*** Input data ***

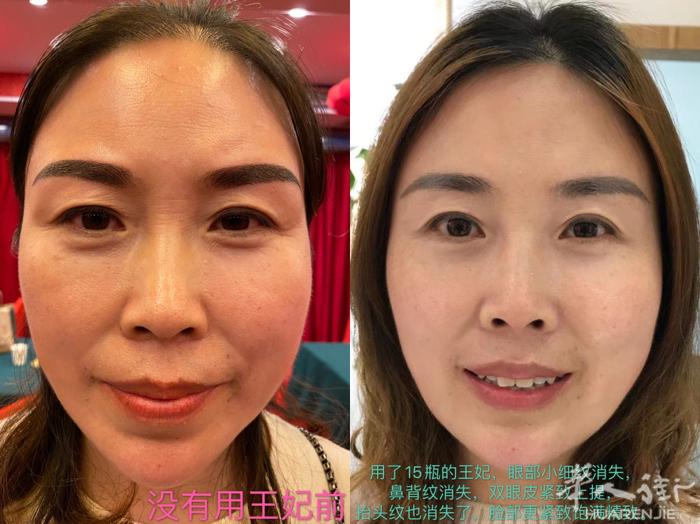 贵族的品质‼️ 平民的价格‼️ 惊人的效果‼️ 看看我们吴素芹吴总使用王妃15瓶
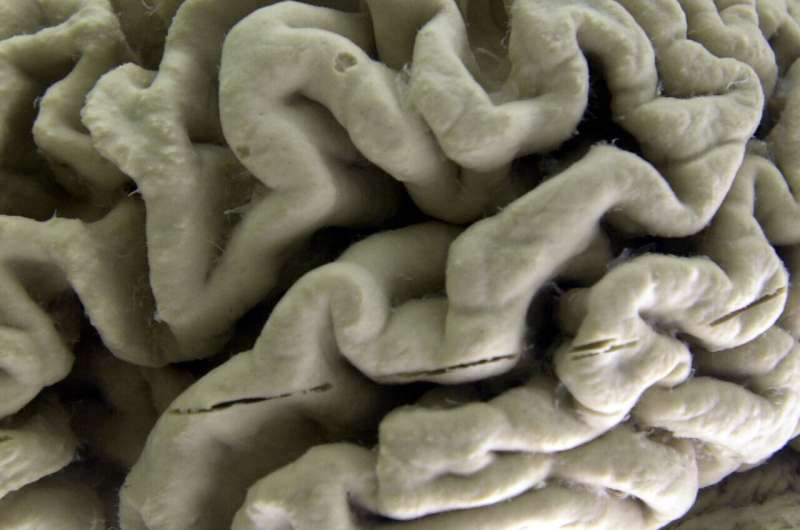 Drug slows Alzheimer's but can it make a real difference?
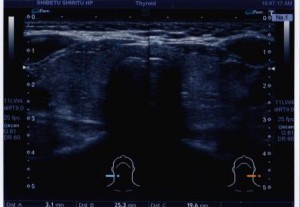 喉の左と右を映し出した甲状腺の超音波検査の画像の写真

*** End of Input data ***

■ Exercise requirements: Recopy the full listing exactly, passing over any picture.

■ Solution to this problem:
 贵族的品质‼️ 平民的价格‼️ 惊人的效果‼️ 看看我们吴素芹吴总使用王妃15瓶
 Drug slows Alzheimer's but can it make a real difference?
 喉の左と右を映し出した甲状腺の超音波検査の画像の写真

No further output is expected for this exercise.